Requirement:
Word for word, transcribe the listing that follows, minus any pictures.
───── Given information ─────
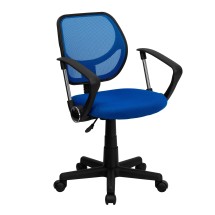 Flash Furniture WA-3074-BL-A-GG Blue Mesh Computer Chair with Arms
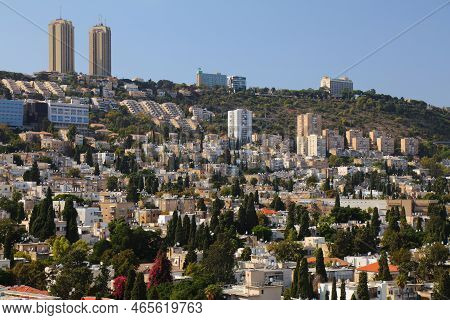 Haifa City Carmel Mountain In Israel. Cityscape Of Hadar Hacarmel District Of Haifa.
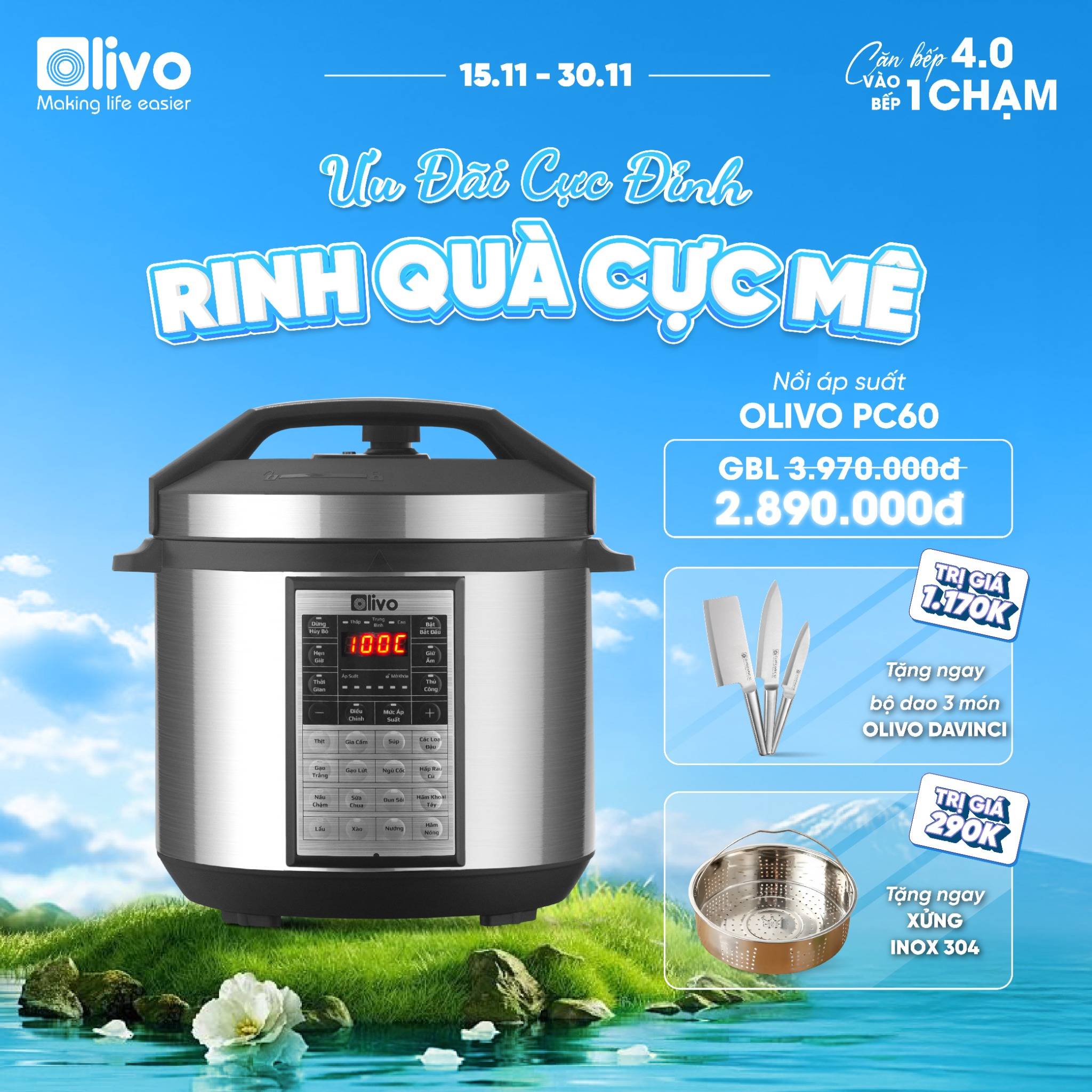 Nồi Áp Suất Điện Đa Năng OLIVO PC60 - 16 Chức Năng - Dung Tích 6L - Công Suất 1000W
─────
Answer box:
 Flash Furniture WA-3074-BL-A-GG Blue Mesh Computer Chair with Arms
 Haifa City Carmel Mountain In Israel. Cityscape Of Hadar Hacarmel District Of Haifa.
 Nồi Áp Suất Điện Đa Năng OLIVO PC60 - 16 Chức Năng - Dung Tích 6L - Công Suất 1000W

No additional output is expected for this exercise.